INSTRUCTIONS TO FOLLOW: What needs transcribing is the line with "image for item" and every line after it to the end of the records, exactly and alone, with no pictures.

DATA EXTRACTS:
----

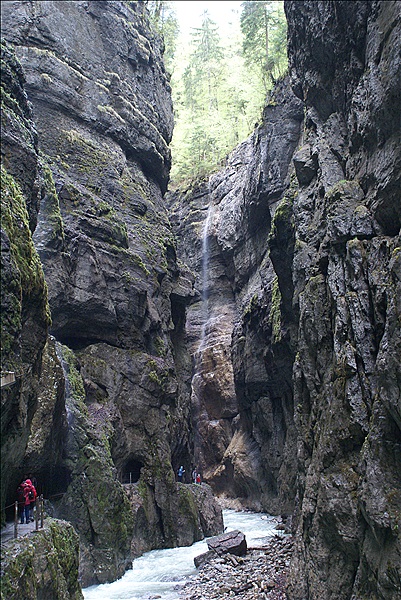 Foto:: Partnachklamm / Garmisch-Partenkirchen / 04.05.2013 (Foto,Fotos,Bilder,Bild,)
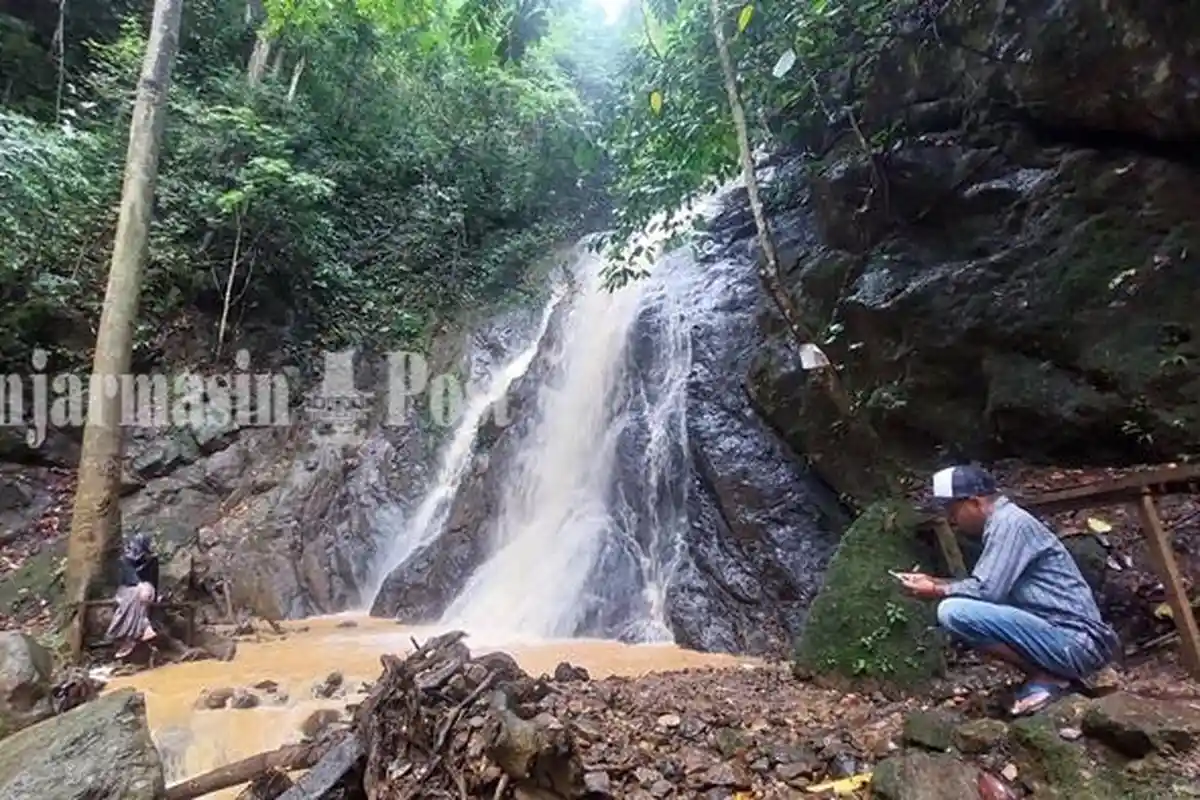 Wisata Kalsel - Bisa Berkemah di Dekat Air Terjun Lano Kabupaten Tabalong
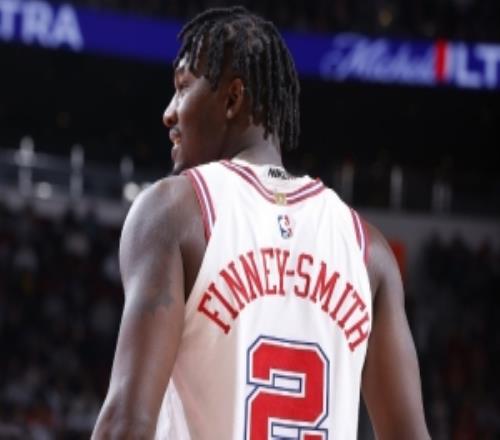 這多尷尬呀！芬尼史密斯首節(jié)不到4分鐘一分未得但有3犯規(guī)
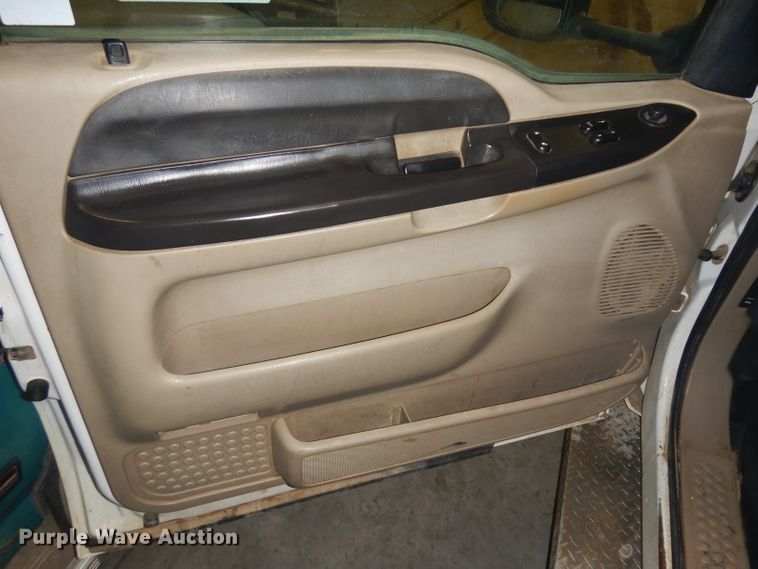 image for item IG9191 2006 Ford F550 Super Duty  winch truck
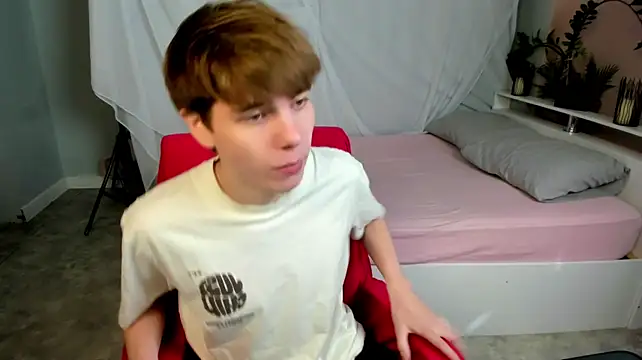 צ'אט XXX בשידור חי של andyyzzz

----

EXERCISE ANSWER:
 image for item IG9191 2006 Ford F550 Super Duty  winch truck
 צ'אט XXX בשידור חי של andyyzzz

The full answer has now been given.